Menschen sind heutzutage generell schwierig zu mobilisieren. Und Kirchen haben zusätzlich ein Problem. Viele Kirchensteuerzahlende finden Kirche zwar in Ordnung, aber sie suchen die Gemeinschaft nicht gross. Sie gehen zum Beispiel nicht an Kirchgemeindeversammlungen. Dort entscheiden die aktiven Mitglieder, die ihrerseits an der kleinräumigen Organisation hängen. Ob zuletzt die Ablehnung überwiegt, kann heute niemand wissen. Was mich betrifft, bleibe ich optimistisch und setze auf ein Ja zur Fusion.

Falls es dazu kommt, können die stimmberechtigten Reformierten also nochmals entscheiden?

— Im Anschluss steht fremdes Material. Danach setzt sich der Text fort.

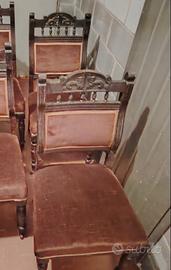 4 sedie antiche in legno e veluto 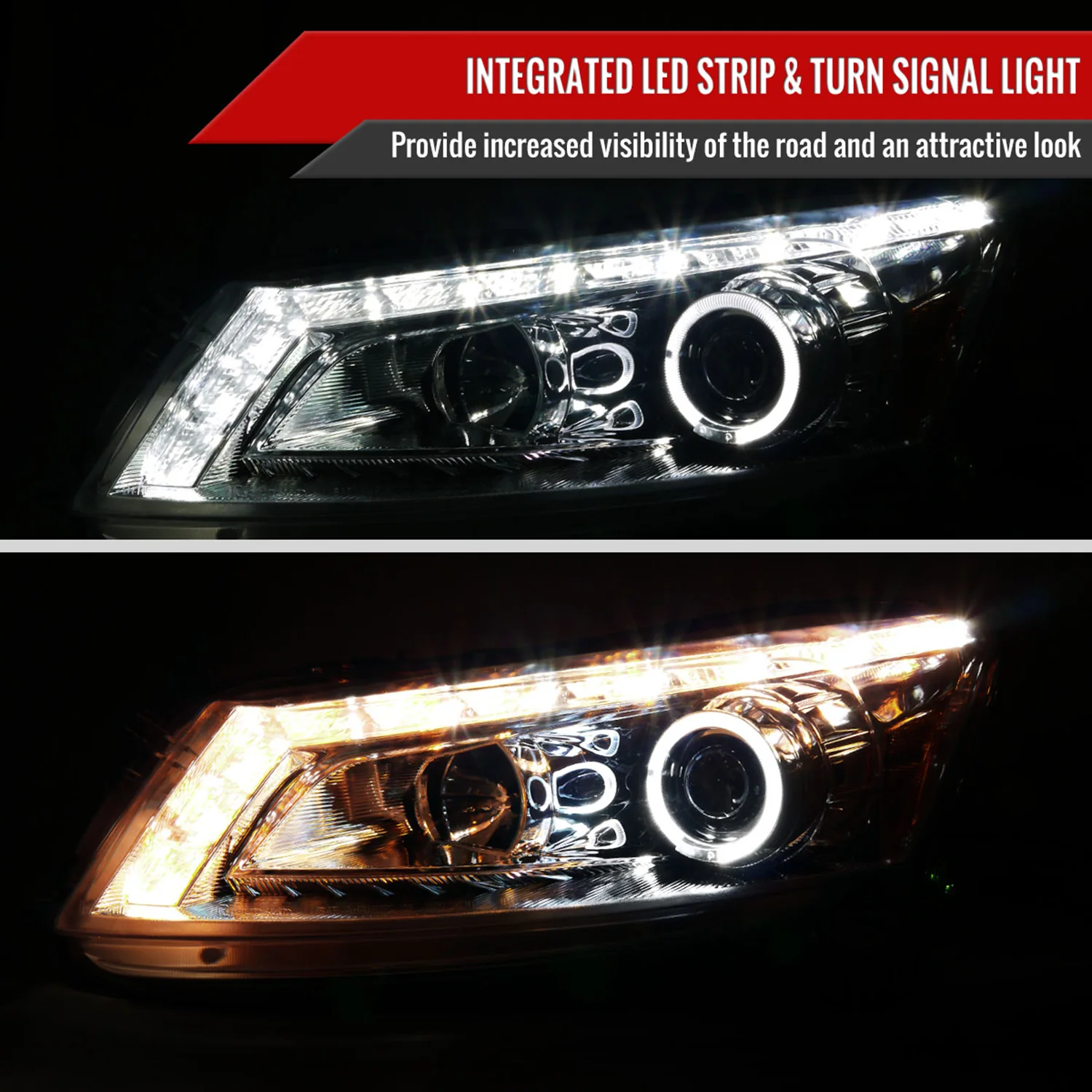 2008-2012 Honda Accord Sedan Single Halo Headlights LED Light& Signal Chrome - Image 2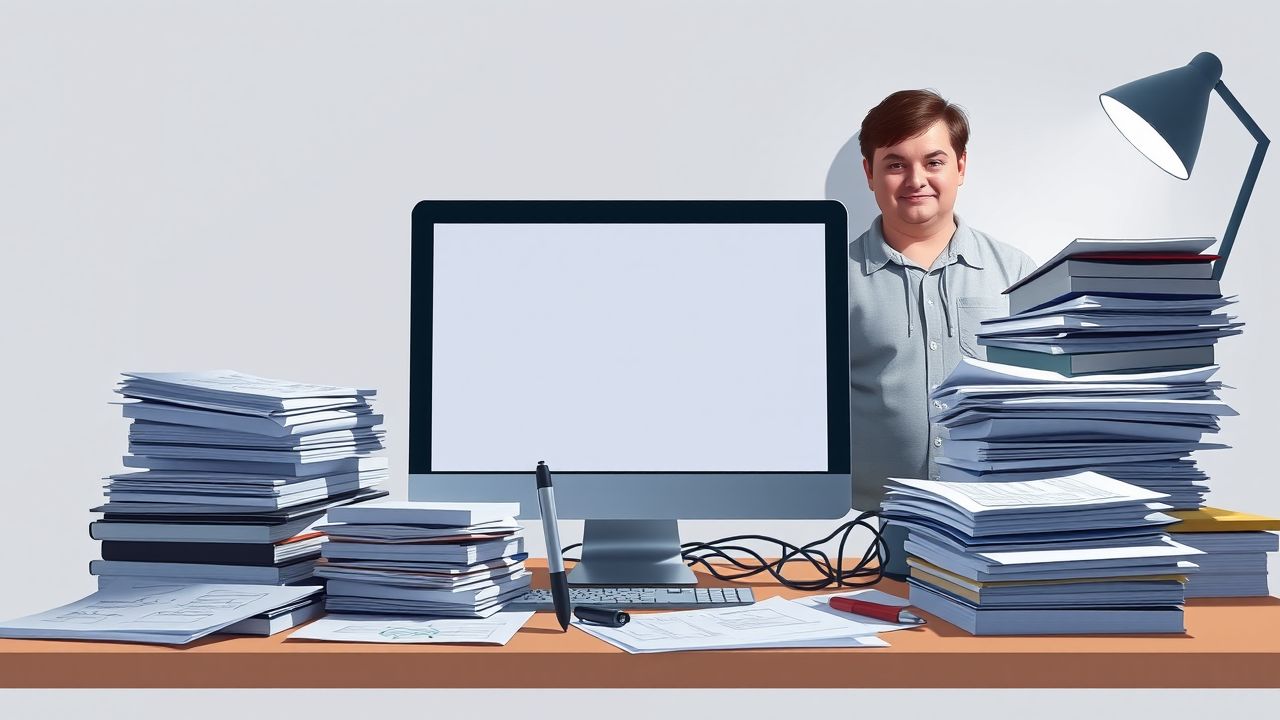 Een rommelig bureau met een lege computer en stapels papieren. Een rommelig bureau met een lege computer en stapels papieren.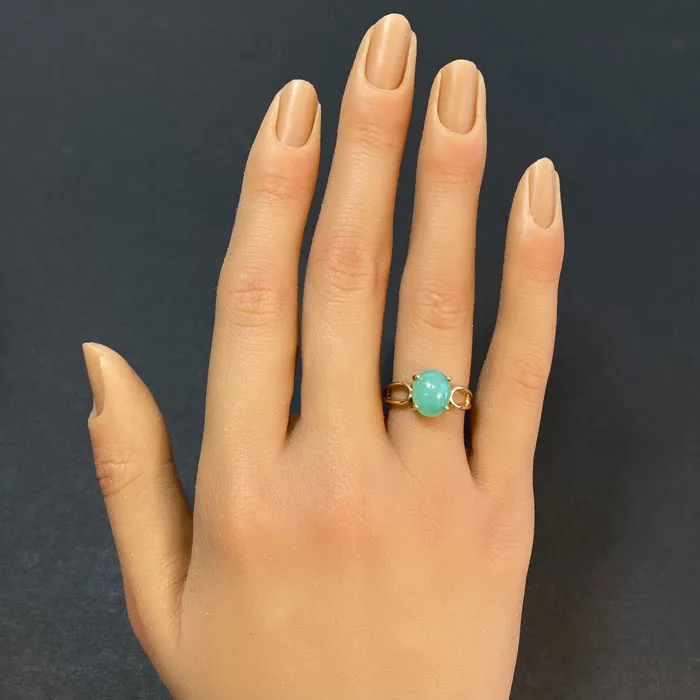 14K Yellow Gold Chrysoprase Ring 2 Carats Moriartys Gem Art Rings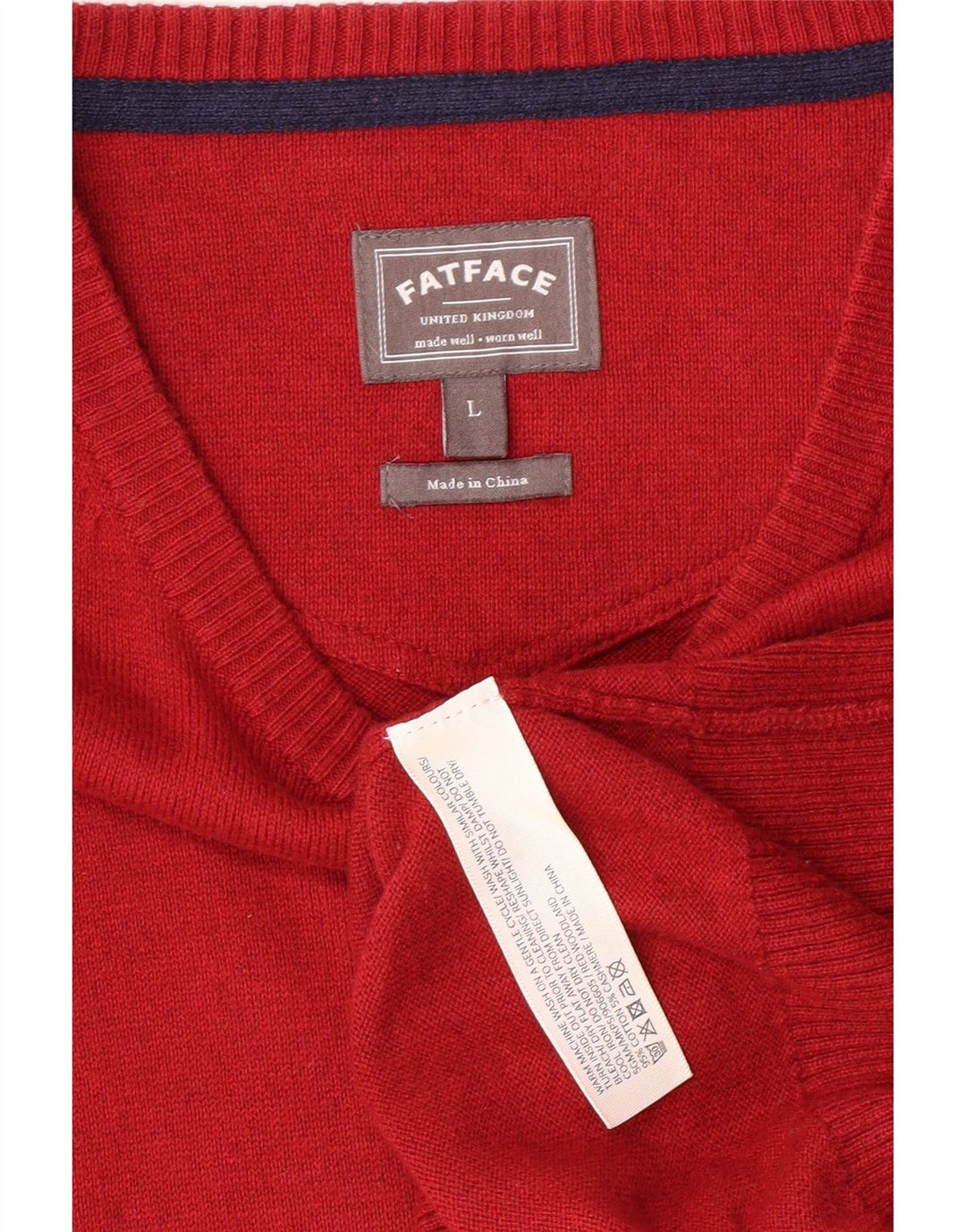 FAT FACE Mens Boat Neck Jumper Sweater Large Red Cotton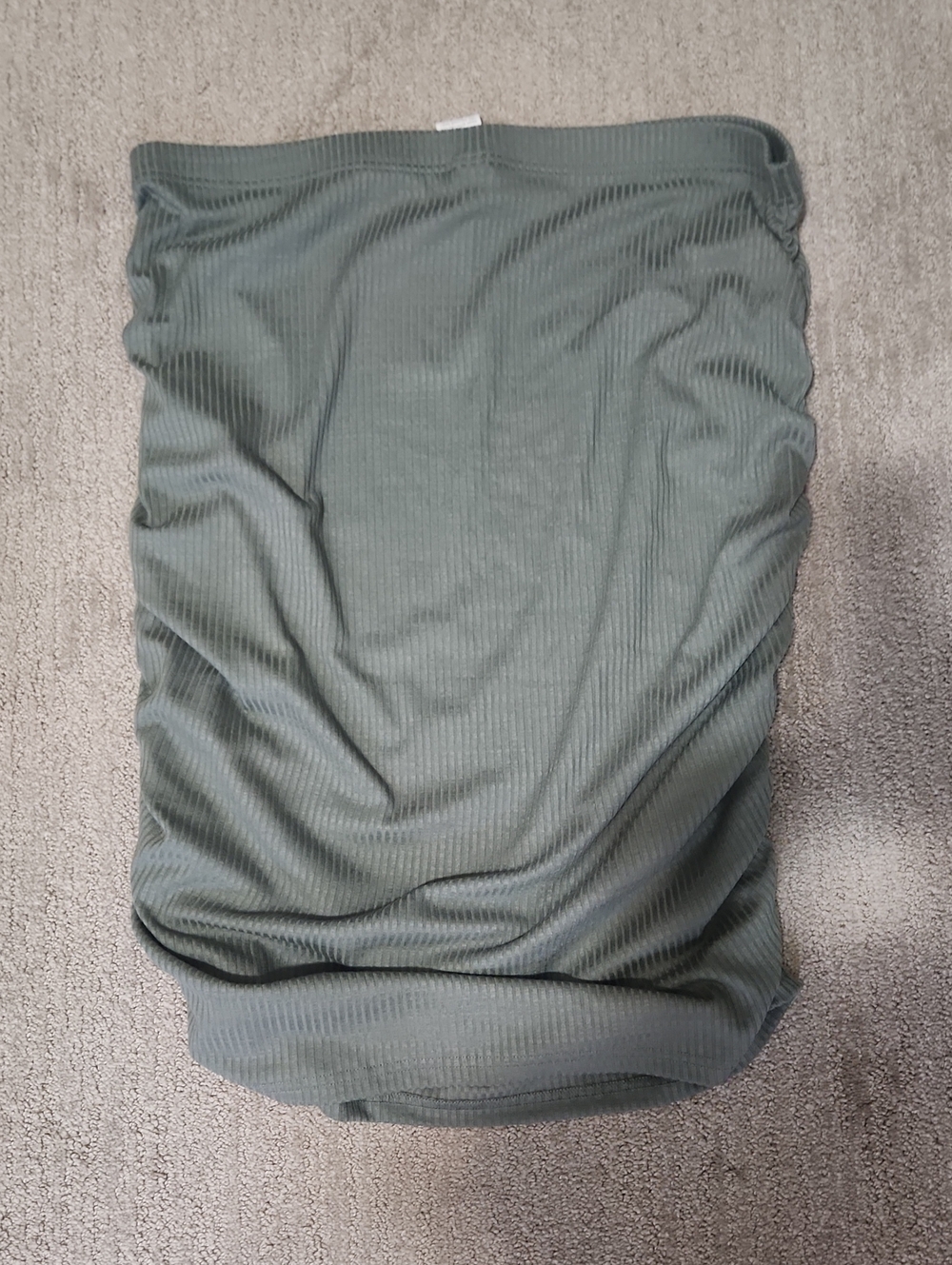 Stretch Ribbed Mini Skirt in Olive Green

Ja, und zwar sogar doppelt: Einerseits als Mitglied der jeweiligen Kirchgemeinde und anderseits als stimmberechtigtes Mitglied der Gesamtkirchgemeinde.  Auch dieses komplizierte Abstimmungsprozedere ist eine Folge unserer komplizierten Rechtsform. Dieser Abstimmungsmodus und die Behördenwahlen würden in einer fusionierten Kirchgemeinde Bern ebenfalls einfacher, demokratischer und transparenter.